GOAL OF THE EXERCISE → Could you retype exactly the line containing "2325 Kingsway Dr — Photo 14" and every line after it in the data below, leaving out the pictures?

TASK INPUTS →

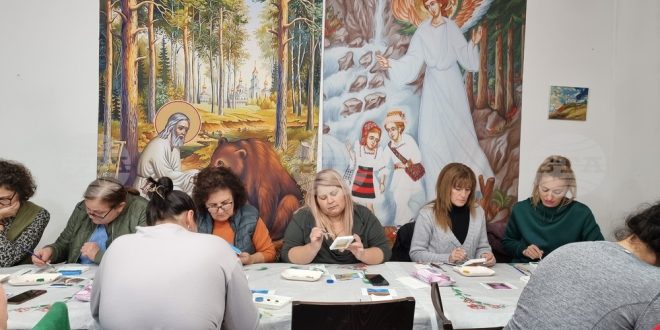 Доброволци рисуваха благотворително в помощ на дейността на кухнята за бедни към храм „Свети Николай“ в Благоевград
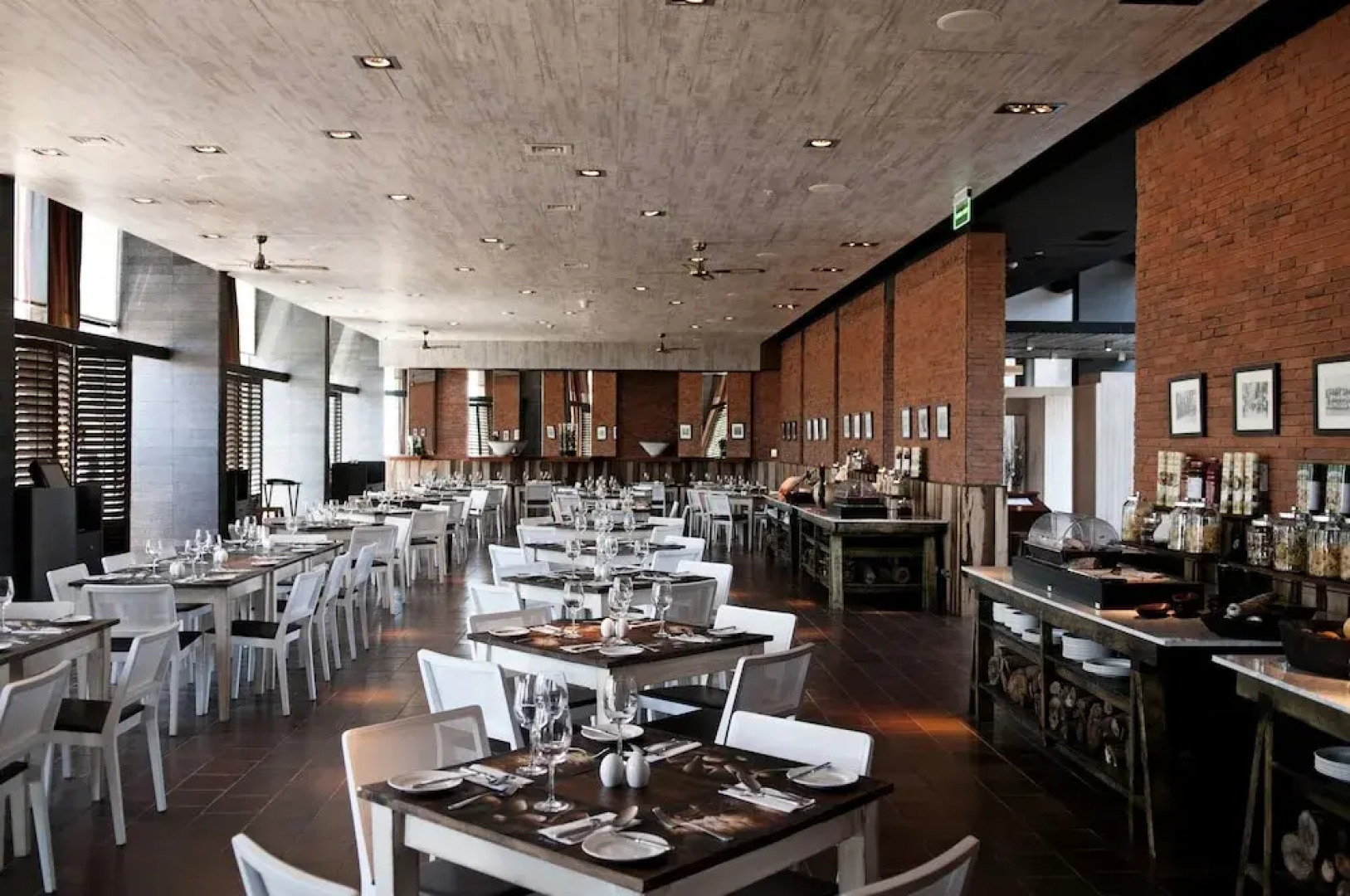 Enjoy Santiago Hotel del Valle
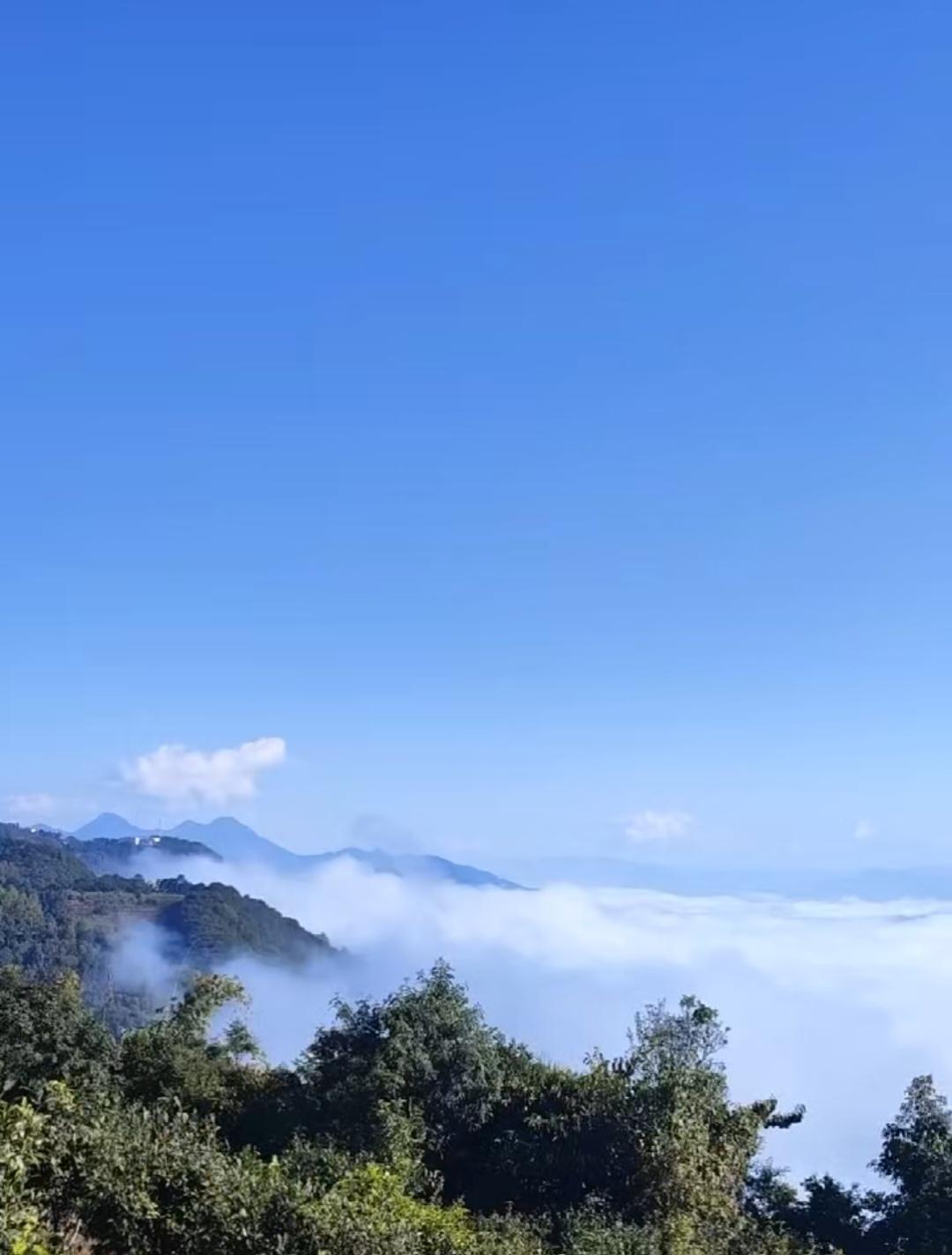 云海翻腾，山峦叠翠，人间仙境，美不胜收！邦东云海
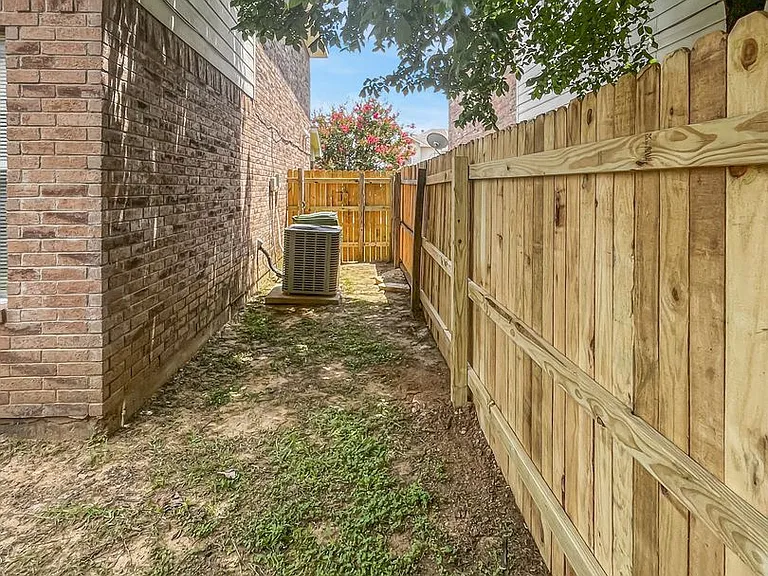 2325 Kingsway Dr — Photo 14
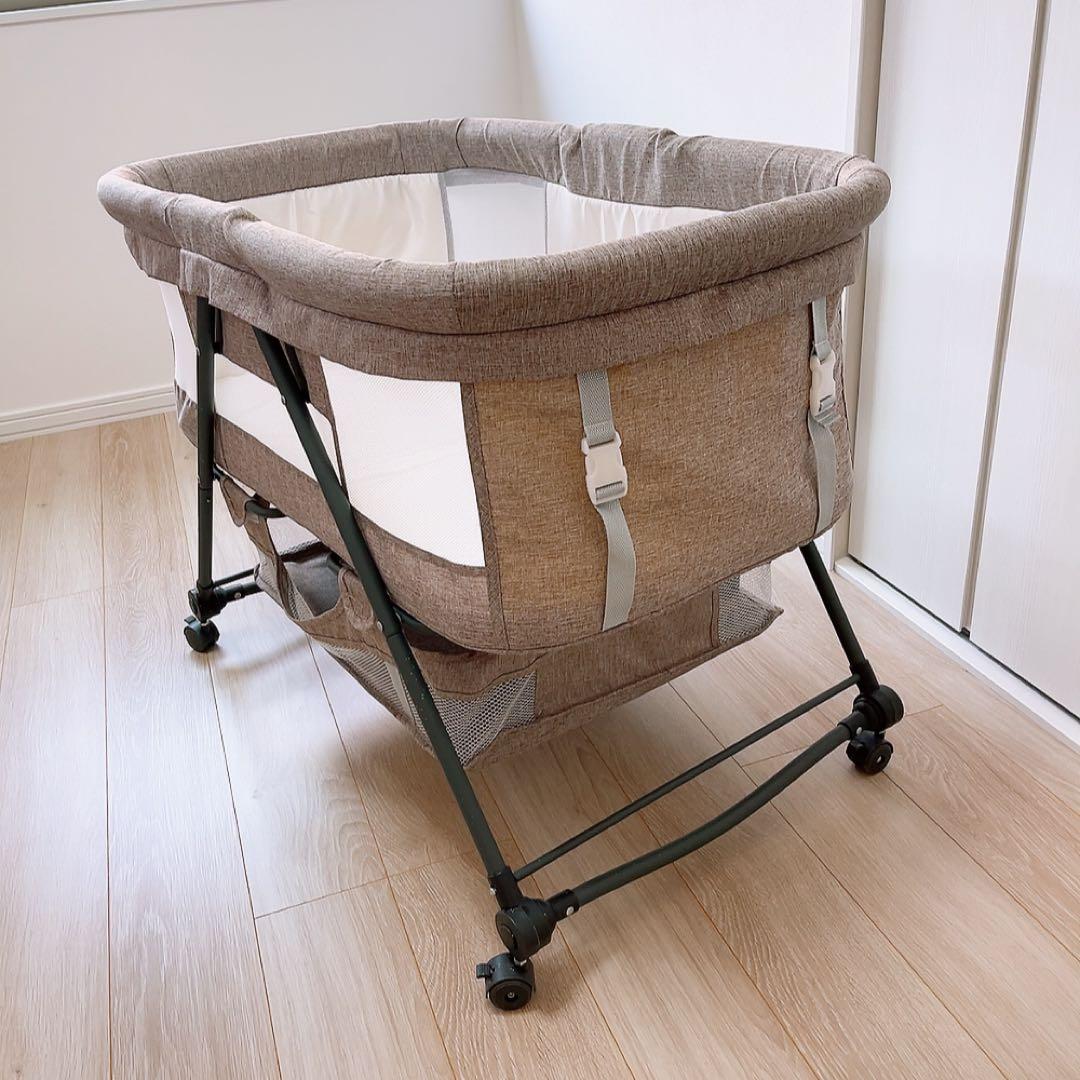 ベビーベッド　ベッドインベッドと セット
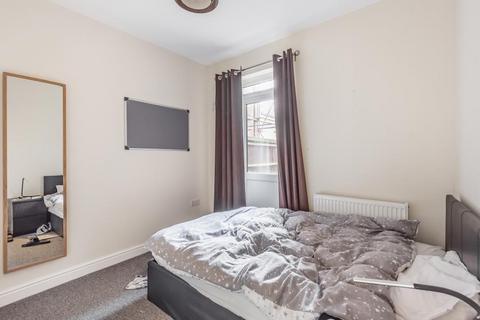 6 bedroom terraced house to rent, Howard Street,  Student 6 bedroom 2025,  OX4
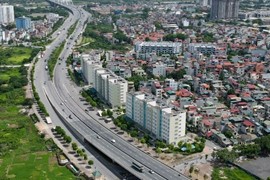 Giữa ồn ào đề xuất sở hữu chung cư 50 năm, Bộ Xây dựng lên tiếng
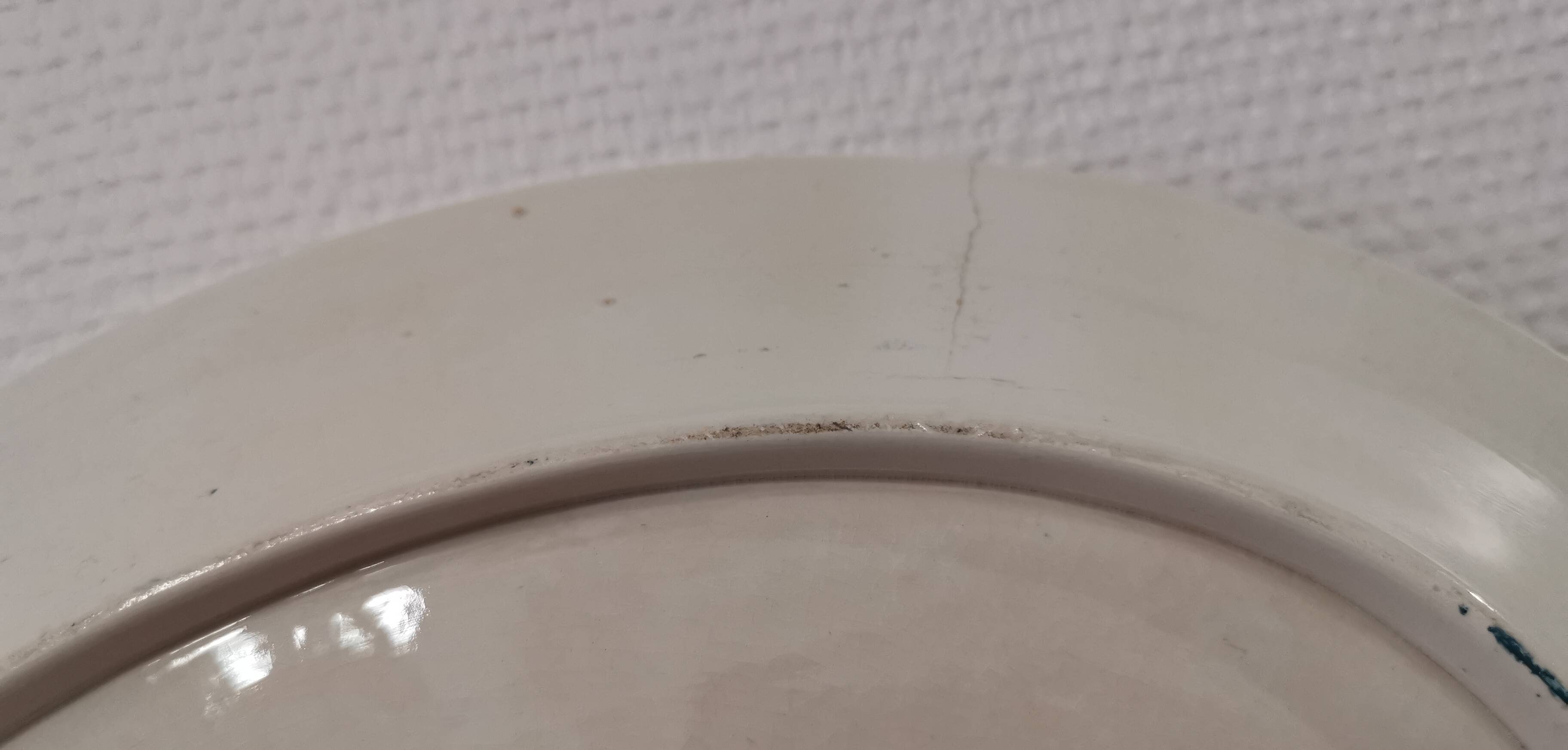 Old oval dish Manufacture Impériale et royale Belgium model Nimy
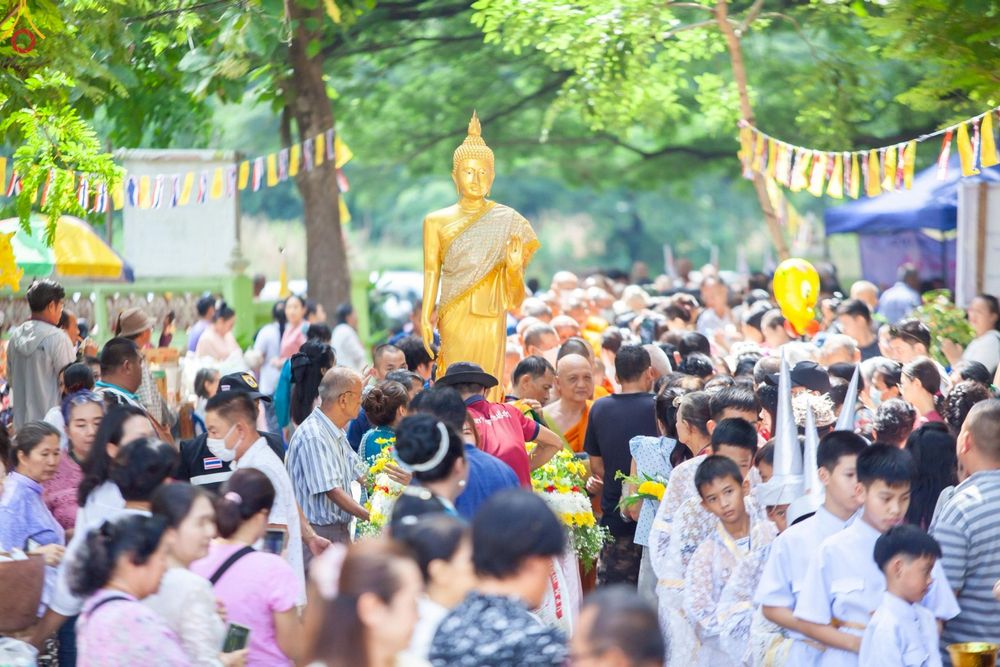 ภาพ No.252511:วันที่ 11 ตุลาคม พ.ศ. 2568 พิธีทอดกฐินสามัคคีทั่วไทย 30,000 วัด โดยคณะศิษยานุศิษย์ บูชาธรรม 81 ปี หลวงพ่อธัมมชโย ณ วัดโคกมะตูม อ.เมืองสระบุรี จ.สระบุรี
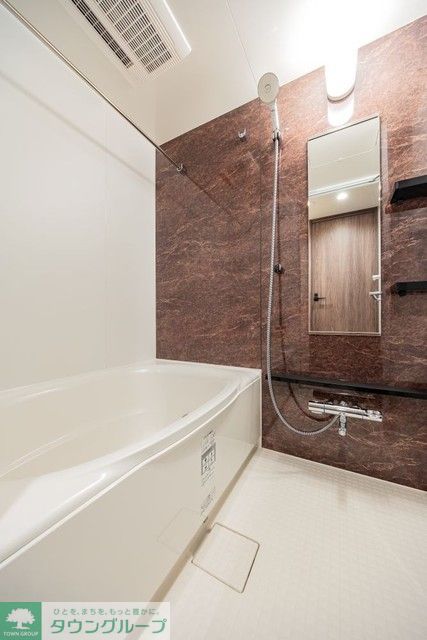 バス・シャワールーム　※写真は同タイプ住戸です。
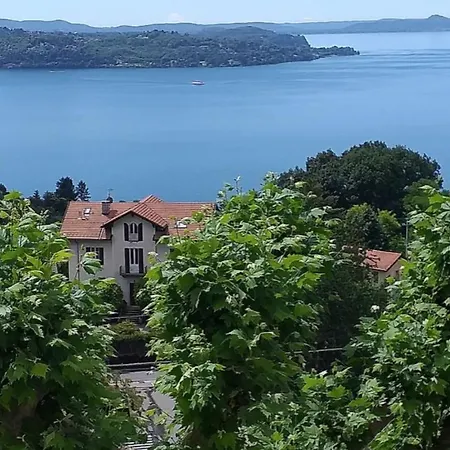 Casa Vittoria Sulla Collina Del Lago Maggiore Lejlighed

WRITTEN ANSWER →
 2325 Kingsway Dr — Photo 14
 ベビーベッド　ベッドインベッドと セット
 6 bedroom terraced house to rent, Howard Street,  Student 6 bedroom 2025,  OX4
 Giữa ồn ào đề xuất sở hữu chung cư 50 năm, Bộ Xây dựng lên tiếng
 Old oval dish Manufacture Impériale et royale Belgium model Nimy
 ภาพ No.252511:วันที่ 11 ตุลาคม พ.ศ. 2568 พิธีทอดกฐินสามัคคีทั่วไทย 30,000 วัด โดยคณะศิษยานุศิษย์ บูชาธรรม 81 ปี หลวงพ่อธัมมชโย ณ วัดโคกมะตูม อ.เมืองสระบุรี จ.สระบุรี
 バス・シャワールーム　※写真は同タイプ住戸です。
 Casa Vittoria Sulla Collina Del Lago Maggiore Lejlighed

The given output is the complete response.